Sembra sempre più la dolce astrazione di se stesso, il cinema di Aki Kaurismaki, così spinto nella rarefazione ideale della sua visione del mondo. Eppure alla fine resta il cinema più concreto, reale, vero che si è potuto vedere in un festival come Cannes76: Foglie al vento (che ha vinto il Gran Premio della Giuria) è una fiaba chapliniana ovviamente proletaria, ovviamente sbozzata sulle funzioni narrative e figurative, ovviamente dolce, languida, triste e felice allo stesso tempo… Pura materia kaurismakiana che torna a funzionare come fosse un refrain che si adora, capace a ogni ritorno di dirti qualcosa di nuovo e di autentico anche se non aggiunge troppo al tanto che ti ha già dato. Del resto Foglie al vento è un film urgente, autentico, vero, essenziale, funzionale, utile, anzi necessario.  Non finge di dimenticare che c’era una guerra in corso (che nel frattempo sono diventate due…) e si preoccupa di farne una sorta di tappeto contronarrativo continuo, che assale in sottofondo, dalla radio, il melodramma proletario con derive alcoliche che mette in scena.

 

 

Le solitudini che si incontrano questa volta sono quelle di Ansa e Holappa, dolci sagome di un vivere sociale marginale: commessa di supermarket lei, operaio metalmeccanico lui, sullo sfondo Helsinki con i suoi canali, i cantieri, le gru e le periferie disegnate con colori pastello nella luce tersa. Tenersi un lavoro sottopagato è difficile per chi, come Ansa, lascia che chi ha fame raccatti nella spazzatura cibo appena scaduto, o per chi, come Holappa, si fa beccare a bere durante il turno. La sera ci sarà sempre un pub a raccogliere stanchezza e noia, altra forma di solitudine assordata dal karaoke e da una birra: è così che i due si incontrano e si piacciono, poi si ritrovano, vanno al cinema a vedere un film di zombie (Jarmush, I morti non muoiono), si perdono, si ritrovano… Aki Kaurismaki non lascia da parte nessuno, il suo cinema accogliente insiste sulla verità introflessa dei sentimenti, persiste nel guardare in faccia il mondo dei perdenti vedendo in loro i veri eroi di una umana resistenza che non ha confini né età.

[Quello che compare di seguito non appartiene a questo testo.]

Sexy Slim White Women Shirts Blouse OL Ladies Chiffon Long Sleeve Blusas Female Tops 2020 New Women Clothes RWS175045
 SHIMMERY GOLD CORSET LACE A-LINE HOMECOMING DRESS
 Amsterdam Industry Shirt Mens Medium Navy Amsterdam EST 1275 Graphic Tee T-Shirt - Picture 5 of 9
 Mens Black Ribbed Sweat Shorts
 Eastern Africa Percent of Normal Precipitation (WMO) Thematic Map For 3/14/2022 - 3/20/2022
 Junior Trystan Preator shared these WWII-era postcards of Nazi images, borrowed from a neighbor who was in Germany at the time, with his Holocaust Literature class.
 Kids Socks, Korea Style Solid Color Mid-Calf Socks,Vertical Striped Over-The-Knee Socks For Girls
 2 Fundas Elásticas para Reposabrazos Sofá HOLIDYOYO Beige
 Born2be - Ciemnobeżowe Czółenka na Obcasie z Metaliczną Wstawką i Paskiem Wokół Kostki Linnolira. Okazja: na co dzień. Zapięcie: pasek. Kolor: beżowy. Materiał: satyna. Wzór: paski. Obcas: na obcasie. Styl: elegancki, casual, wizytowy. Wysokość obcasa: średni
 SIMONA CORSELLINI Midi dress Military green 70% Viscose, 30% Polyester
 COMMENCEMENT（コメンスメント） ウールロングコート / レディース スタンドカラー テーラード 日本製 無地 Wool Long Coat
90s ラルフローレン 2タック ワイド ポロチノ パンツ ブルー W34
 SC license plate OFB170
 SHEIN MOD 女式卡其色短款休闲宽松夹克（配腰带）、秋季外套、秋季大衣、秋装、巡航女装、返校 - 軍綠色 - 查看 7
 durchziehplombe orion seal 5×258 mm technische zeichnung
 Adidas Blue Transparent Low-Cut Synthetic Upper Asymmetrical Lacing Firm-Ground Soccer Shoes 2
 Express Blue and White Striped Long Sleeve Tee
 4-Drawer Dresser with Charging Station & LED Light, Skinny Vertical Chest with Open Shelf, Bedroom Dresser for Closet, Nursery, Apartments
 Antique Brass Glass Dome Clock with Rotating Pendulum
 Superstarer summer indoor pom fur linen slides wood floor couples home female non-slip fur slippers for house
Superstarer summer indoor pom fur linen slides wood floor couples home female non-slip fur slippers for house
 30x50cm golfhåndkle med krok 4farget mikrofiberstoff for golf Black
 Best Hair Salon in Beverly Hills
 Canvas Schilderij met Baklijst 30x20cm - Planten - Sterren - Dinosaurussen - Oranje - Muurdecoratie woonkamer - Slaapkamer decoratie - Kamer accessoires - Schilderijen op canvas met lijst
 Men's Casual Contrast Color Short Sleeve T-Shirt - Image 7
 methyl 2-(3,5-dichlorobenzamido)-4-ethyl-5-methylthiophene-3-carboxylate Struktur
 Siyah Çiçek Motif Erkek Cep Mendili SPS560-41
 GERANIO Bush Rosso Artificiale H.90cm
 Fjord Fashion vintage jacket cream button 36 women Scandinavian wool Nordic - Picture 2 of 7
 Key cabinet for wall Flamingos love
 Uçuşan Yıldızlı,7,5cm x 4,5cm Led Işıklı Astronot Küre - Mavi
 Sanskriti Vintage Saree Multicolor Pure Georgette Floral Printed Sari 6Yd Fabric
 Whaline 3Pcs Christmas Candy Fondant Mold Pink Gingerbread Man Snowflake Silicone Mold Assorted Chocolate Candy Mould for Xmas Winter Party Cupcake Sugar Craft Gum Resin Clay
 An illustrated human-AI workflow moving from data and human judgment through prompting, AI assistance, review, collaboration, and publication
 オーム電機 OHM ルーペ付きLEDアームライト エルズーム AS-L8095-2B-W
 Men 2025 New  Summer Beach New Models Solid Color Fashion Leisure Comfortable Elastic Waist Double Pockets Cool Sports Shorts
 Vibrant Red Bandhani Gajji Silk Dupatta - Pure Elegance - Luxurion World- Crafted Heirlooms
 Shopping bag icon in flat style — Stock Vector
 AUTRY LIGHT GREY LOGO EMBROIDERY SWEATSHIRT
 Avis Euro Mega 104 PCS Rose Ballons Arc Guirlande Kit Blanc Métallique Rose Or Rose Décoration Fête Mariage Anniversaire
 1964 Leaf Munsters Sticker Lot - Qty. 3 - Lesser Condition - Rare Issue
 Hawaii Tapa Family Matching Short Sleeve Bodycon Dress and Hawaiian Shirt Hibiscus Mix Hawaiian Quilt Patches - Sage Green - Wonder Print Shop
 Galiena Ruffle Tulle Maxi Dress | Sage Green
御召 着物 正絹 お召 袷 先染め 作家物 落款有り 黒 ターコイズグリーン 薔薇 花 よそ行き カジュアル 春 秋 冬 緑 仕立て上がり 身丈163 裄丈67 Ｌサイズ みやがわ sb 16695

Le foglie morte è la forma essenziale del cinema di Kaurismaki, ne tiene insieme gli elementi di base e li dispone sulla scena con dolcezza, quasi che l’orrore dei tempi richieda una formulazione chapliniana dell’esistere ancora più esplicita e dichiarata, in cui la semplicità degli umili diviene un valore da difendere con le armi dei sentimenti. Il mondo di Ansa e Holappa e costruito sul dolore e sulla solitudine, ma germoglia nei gesti che salvano la vita. Kaurismaki è questo: la versione ideale, astratta, puramente sentimentale del cinema di militanza e di denuncia. Cinema di solidarietà.